<<<<
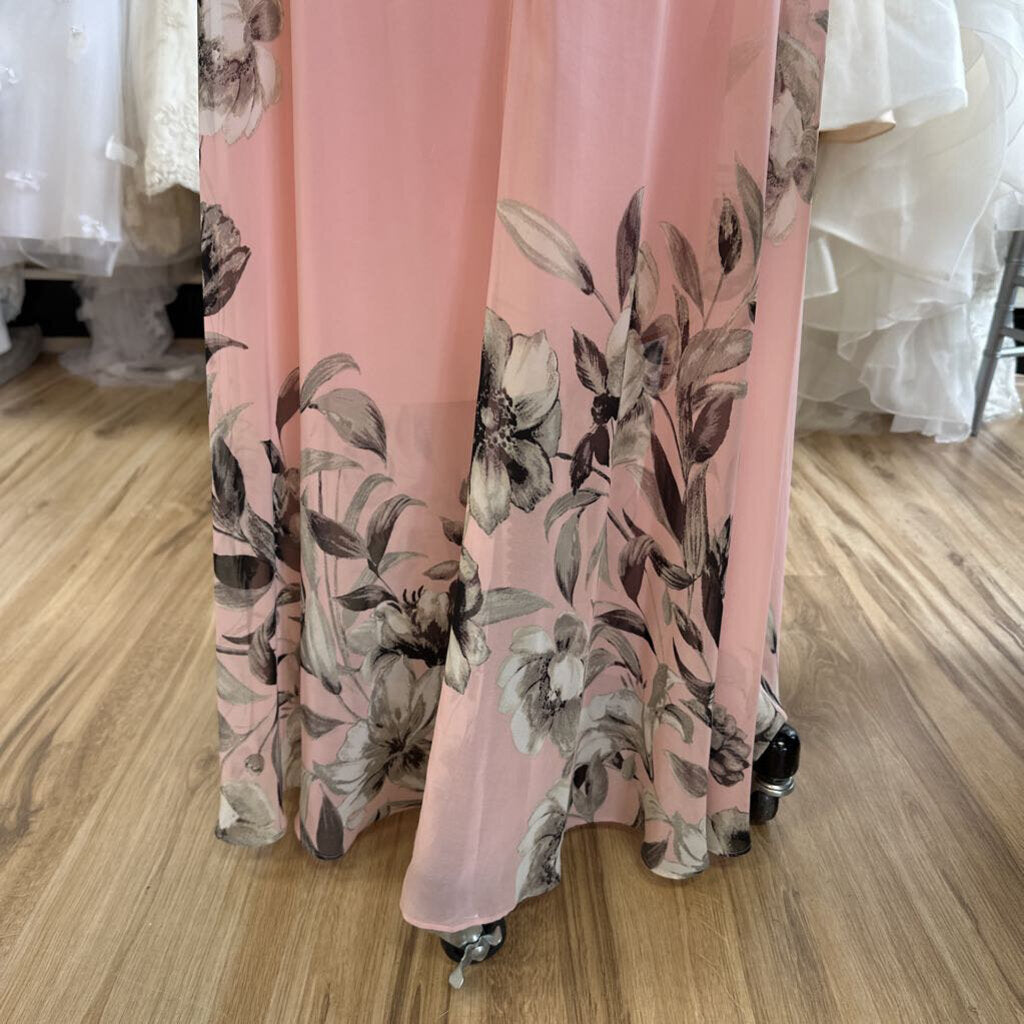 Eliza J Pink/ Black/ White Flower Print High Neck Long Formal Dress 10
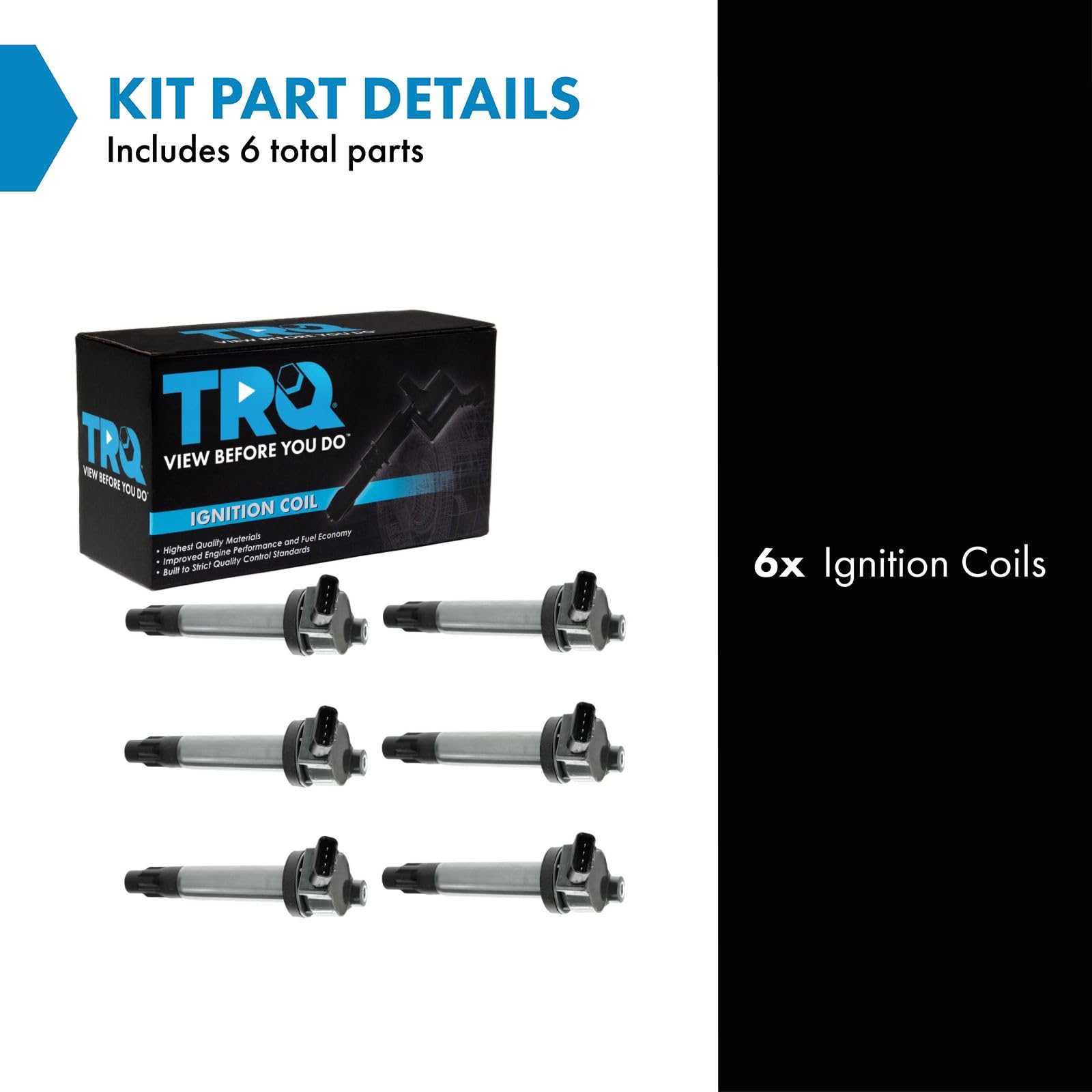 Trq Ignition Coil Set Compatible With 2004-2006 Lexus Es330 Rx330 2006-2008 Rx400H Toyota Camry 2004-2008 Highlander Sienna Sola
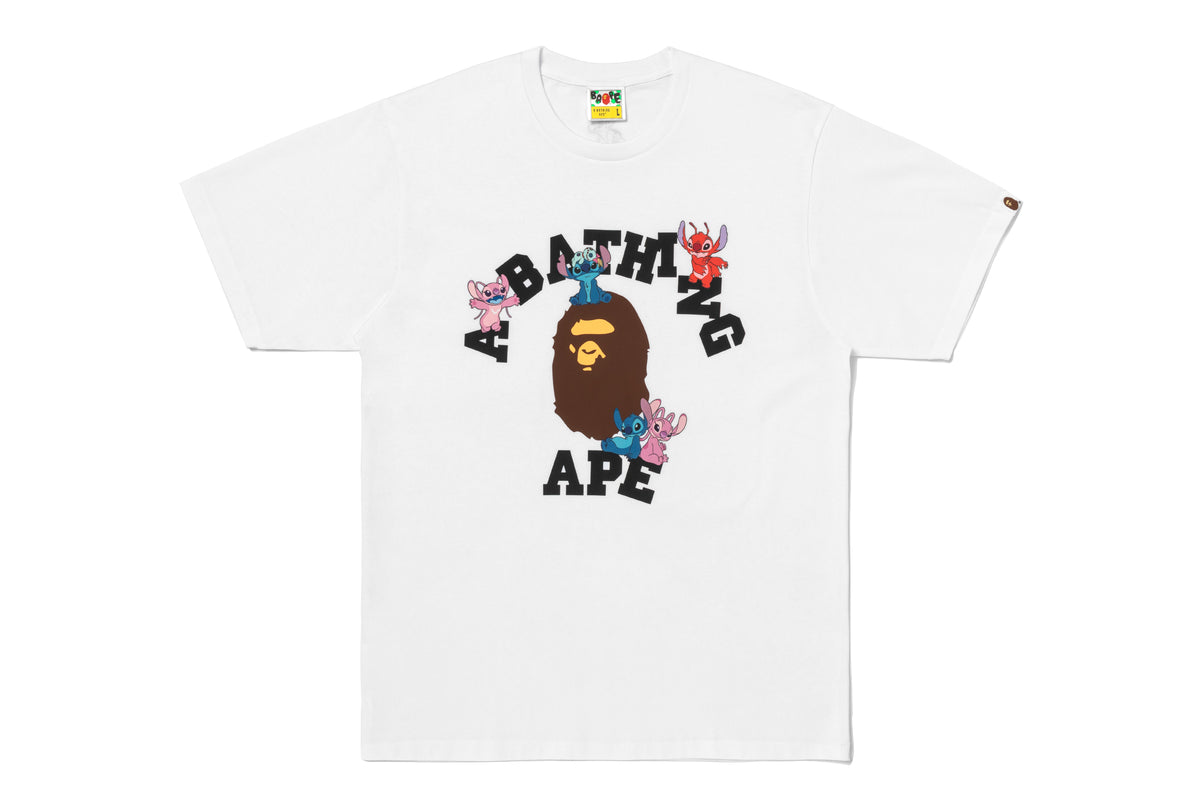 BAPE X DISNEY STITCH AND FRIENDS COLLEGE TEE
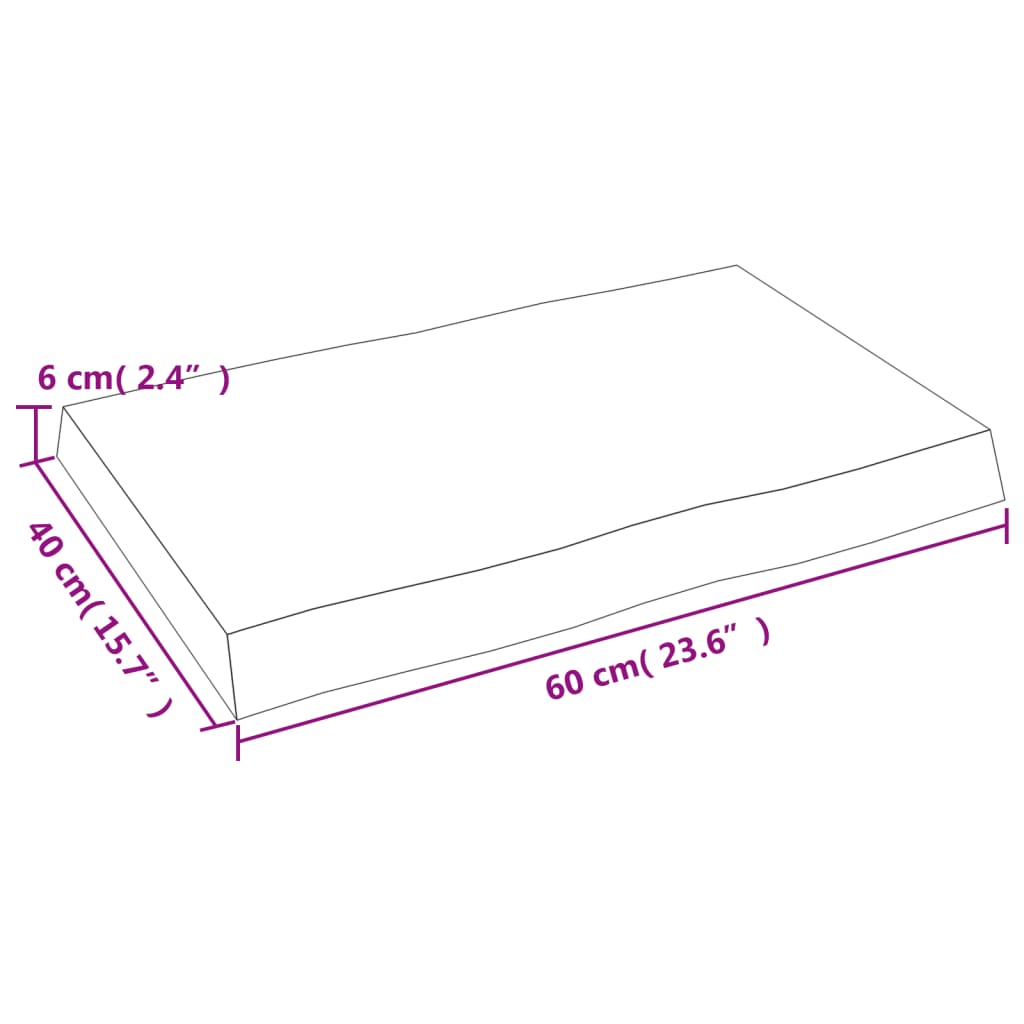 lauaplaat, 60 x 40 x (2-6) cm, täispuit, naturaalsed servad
>>>>
<<<<
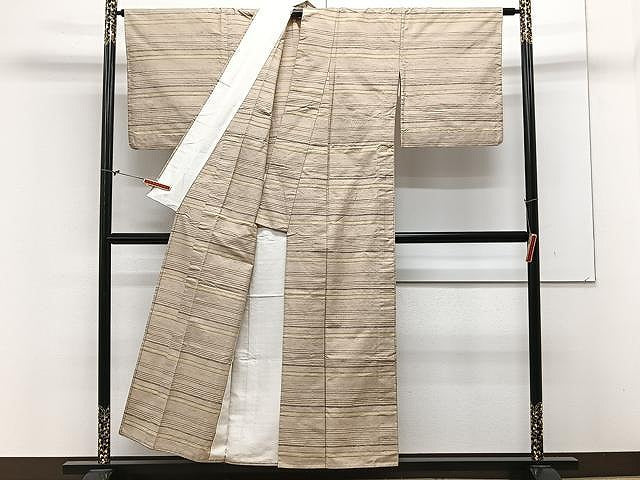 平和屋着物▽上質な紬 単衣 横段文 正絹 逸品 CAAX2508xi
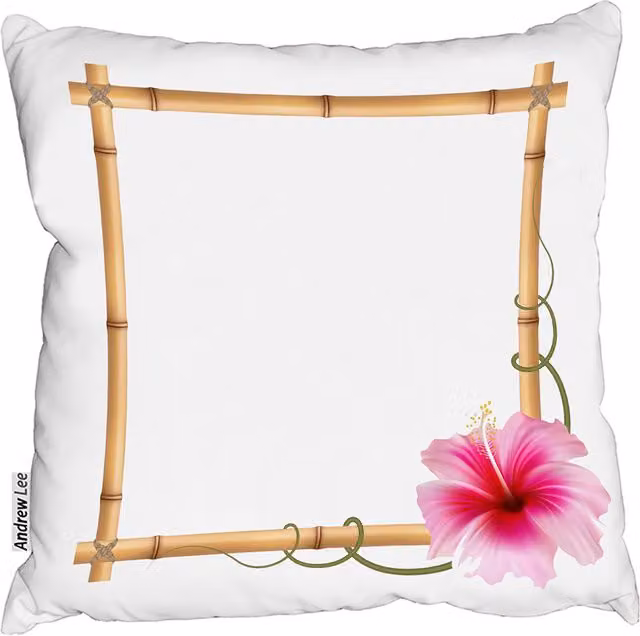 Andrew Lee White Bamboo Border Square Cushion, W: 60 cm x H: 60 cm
>>>>
The problem — From the records above, copy exactly the stretch from the line holding "Eliza J Pink/" through the line holding "BAPE X DISNEY STITCH AND FRIENDS COLLEGE TEE", both ends included, without the pictures.

Reply to the exercise —
 Eliza J Pink/ Black/ White Flower Print High Neck Long Formal Dress 10
 Trq Ignition Coil Set Compatible With 2004-2006 Lexus Es330 Rx330 2006-2008 Rx400H Toyota Camry 2004-2008 Highlander Sienna Sola
 BAPE X DISNEY STITCH AND FRIENDS COLLEGE TEE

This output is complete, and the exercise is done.